Tuesday, 2 March 2021

Planning in Scrum: planning and variance (1/2)

This article is one of two about Planning in Scrum

We humans really suck at planning. We can plan simple things pretty accurate: cleaning the house, food preparation, repetitive labor. Planning improves if we do the same or similar tasks often. We learn it by doing. But for the rest? Planning of anything that isn't simple is hard.

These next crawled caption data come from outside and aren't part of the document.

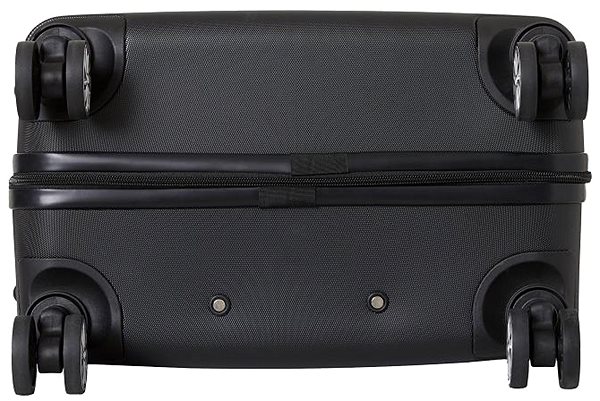 Travel case CAT suitcase Alexa 55 cm, S - black .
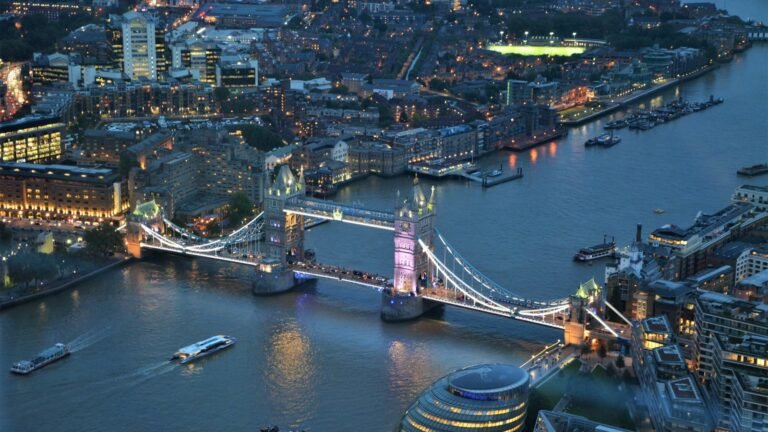 Tower Bridge in London, United Kingdom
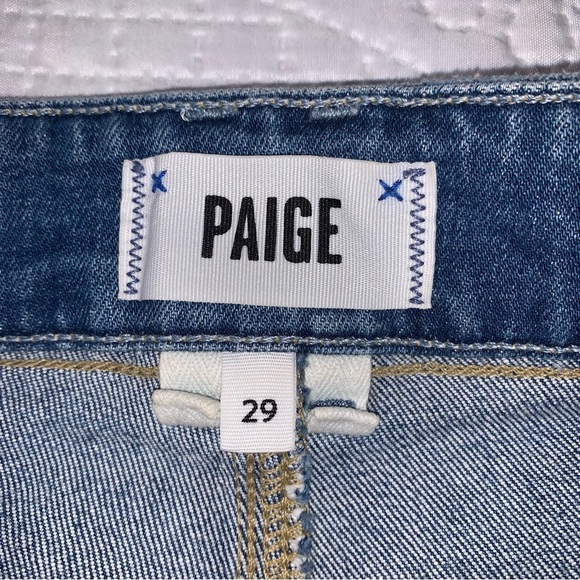 Paige Sasha Wide Leg High Rise Jeans. 29. NWOT - Picture 6 of 9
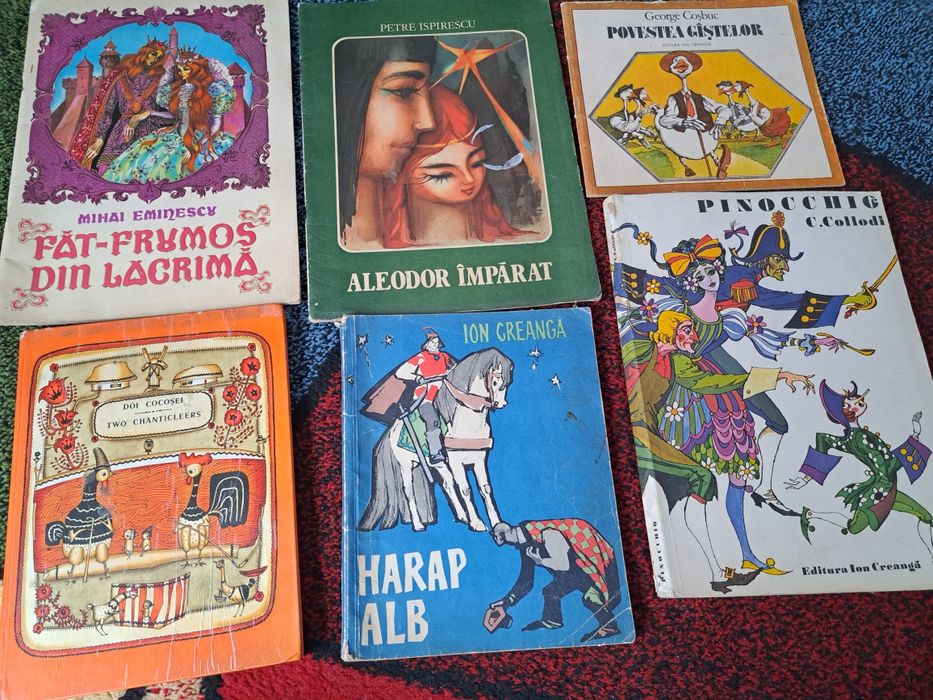 Cărți povesti vechi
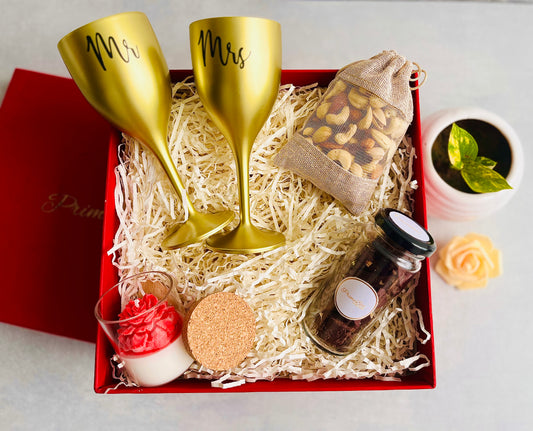Gourmet Glow Gift Box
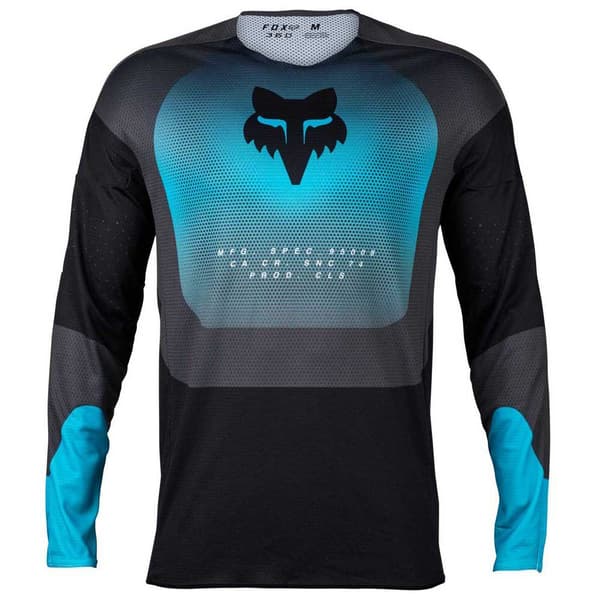 Fox Racing Mx 360 Revise T-shirt Med Lange ærmer  M Mand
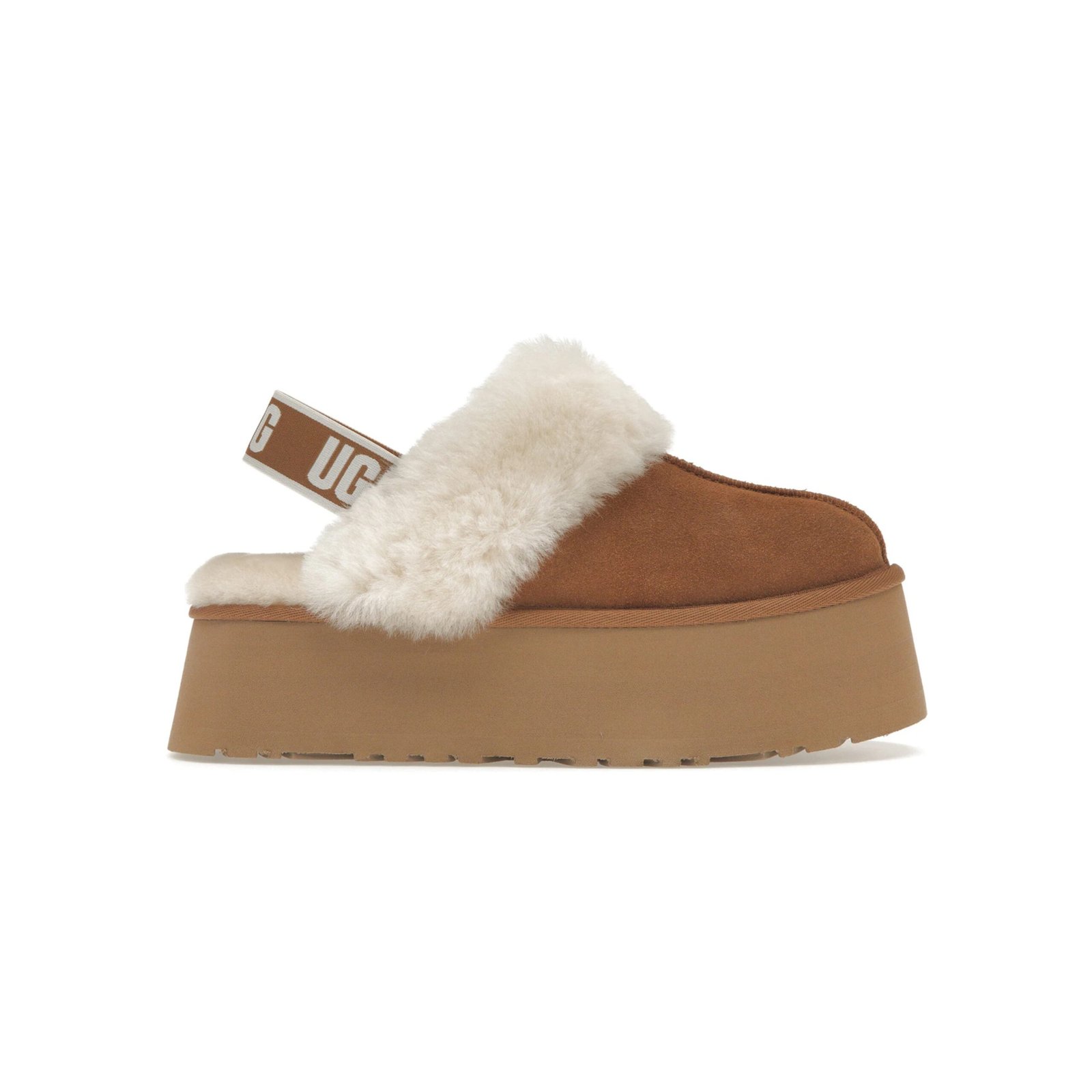 UGG Funkette Chestnut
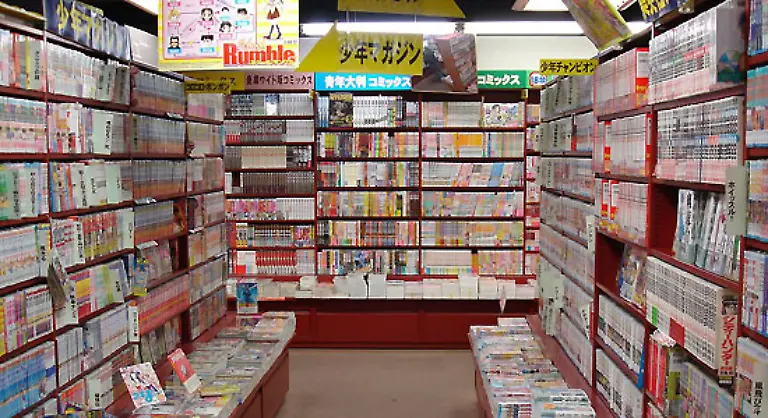 Der-Anteil-der-Manga-Taschenbuecher-am-japanischen-Manga-Markt-umfasst-etwa-30-Prozent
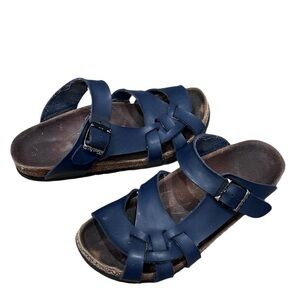 Birkenstock Papillio Pisa sandals navy blue women’s 39 Made in Germany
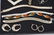 Sterling Silver Mixed Jewelry Lot. Pins, Earrings, - 3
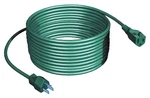 New Westinghouse 28308 40-FEET Outdoor Single Outlet Power Cord, Green. Fixed Price $8.99.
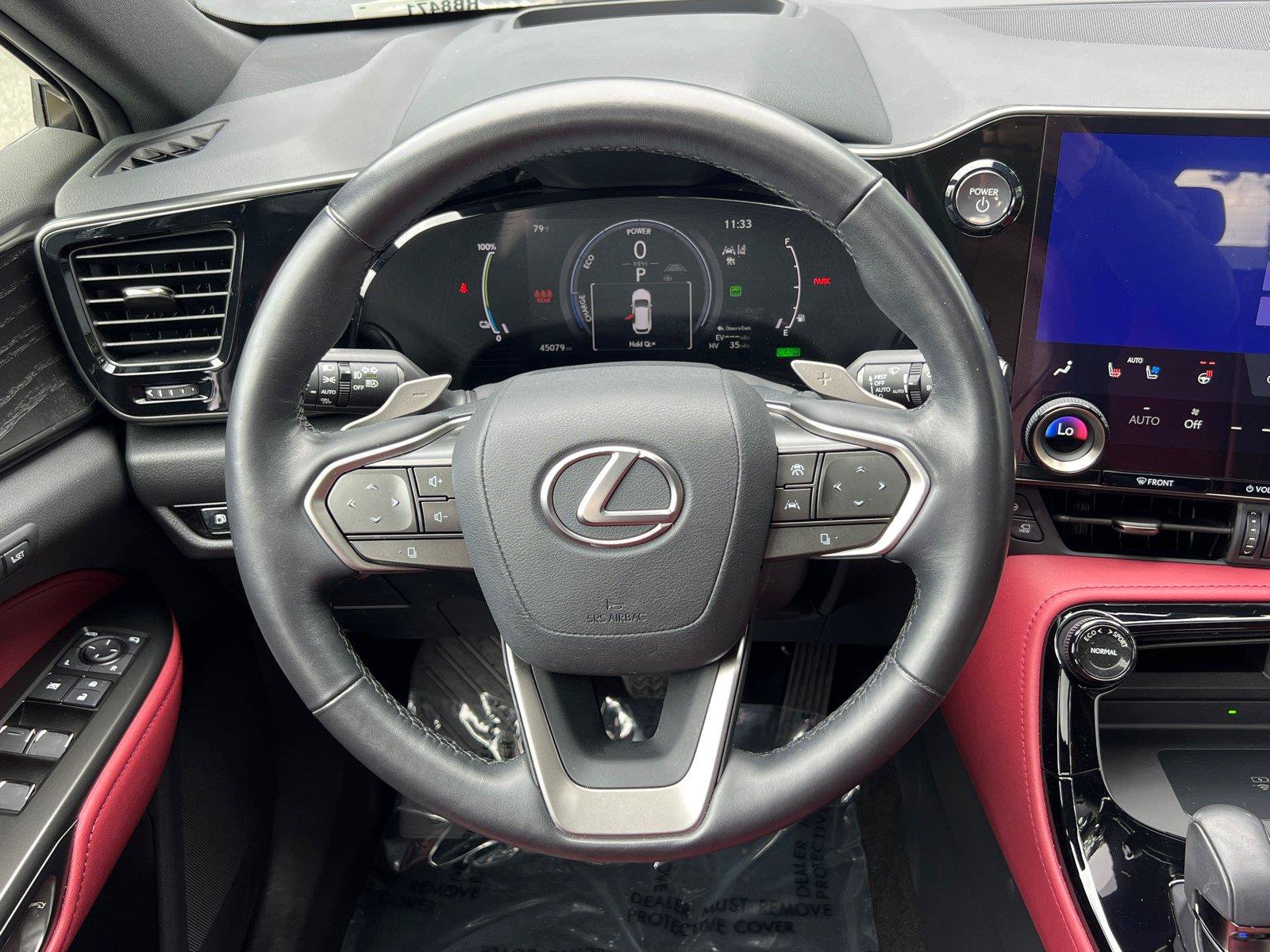 Certified 2024 Lexus NX 450h+ AWD w/ Vision Package image 24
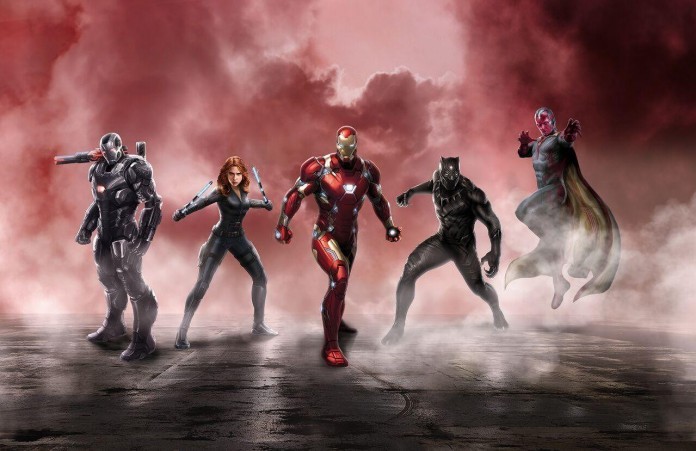 Iron Man's Civil War Side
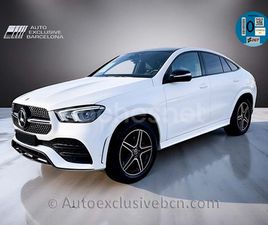 MERCEDES-BENZ GLE COUPÉ GLE 350 E 4MATIC HIBRIDO ENCHUFABLE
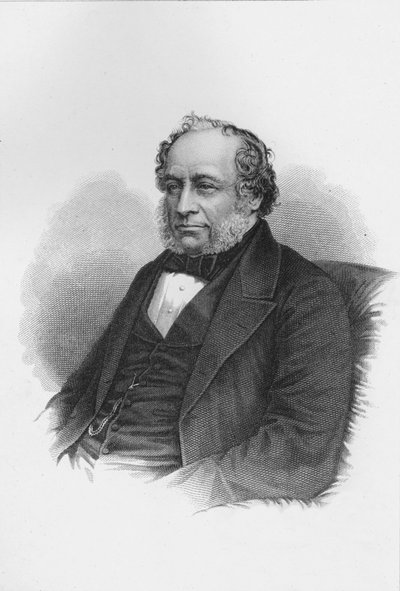 Sir Charles Barry, arquiteto britânico, c1840 1878 de Unbekannt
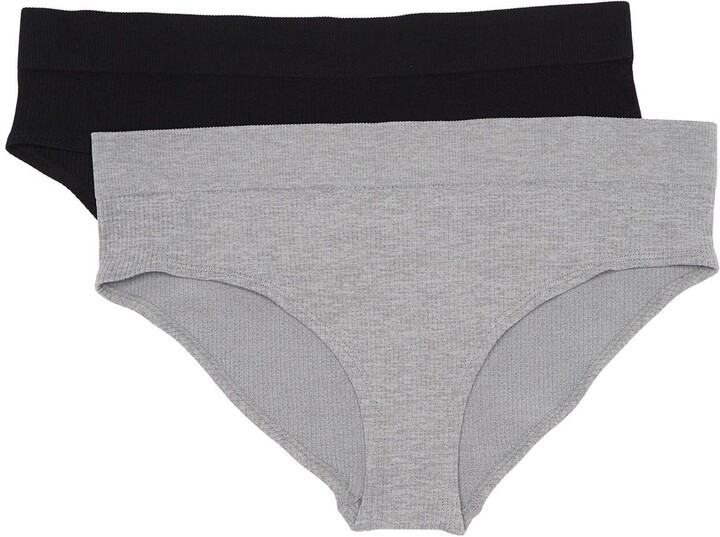 NORDSTROM RACK Seamless Full Briefs - Pack of 3 - ShopStyle Panties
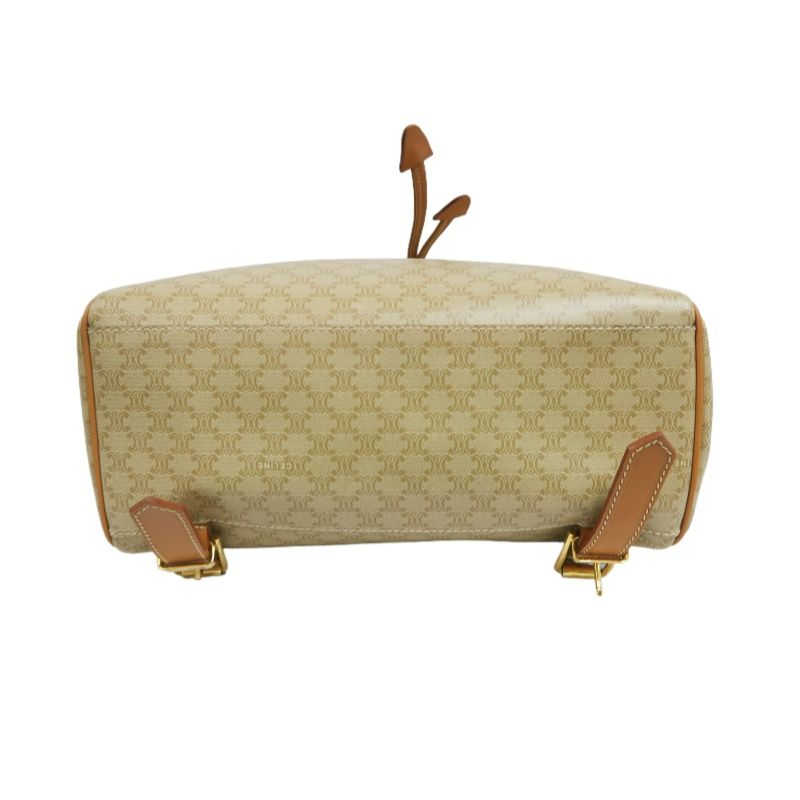 CELINE Milk Tea Monogram PVC Backpack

One of the things that surprises me is that we don't get taught planning in school. In high school teachers assume the students can plan, but it has never been taught in primary school. And it doesn't improve after high school either. There is a general assumption that everybody can plan, although we all know we can't.

Planning

Planning is about three things, the first one is time, the second one is breakdown and the third one is order. When we talk about time we want to know how much time we need to complete the work. We can guestimate that vacuuming the living room will take approximately half an hour. But we also know that there can be a slight variance in time. Which means that all time estimations should carry a variance with them. We should say: "vacuuming the living room will take me half an hour plus or minus five minutes or between 25 and 35 minutes". 

For bigger tasks we need to break them down in smaller task we can comprehend and plan. So if there is the task of vacuuming the entire house, we should break it up in vacuuming per room. Smaller tasks are easier to understand and guestimate. 

Last but not least we need to take into account that there is an order in doing things. Vacuuming the attic, then the basement and then the living room doesn't sounds like a practical order. We must reorder to optimize our work plan. All in all planning is more then just a time estimate and even that is worthless without knowing the variance.

Variance

Variance is the deviation from the norm. So if we plan an hour and it can be either five minutes shorter or longer, the variance is five minutes. All estimation should have a variance to predict minimum and maximum time needed. The time we need is only known in hindsight, but should be somewhere between min and max. The larger the estimation, the larger the variance. The ratio between estimation and variance is not linear. It is more exponential. This means that the bigger the job, the bigger the variance can be. And the variance will grow more compared to the increase in time. Which enforces the need to breakdown work.

Conclusion

Planning is hard to master, it takes three ingredients: time, breakdown and order. And when talking about time, always mention the variance.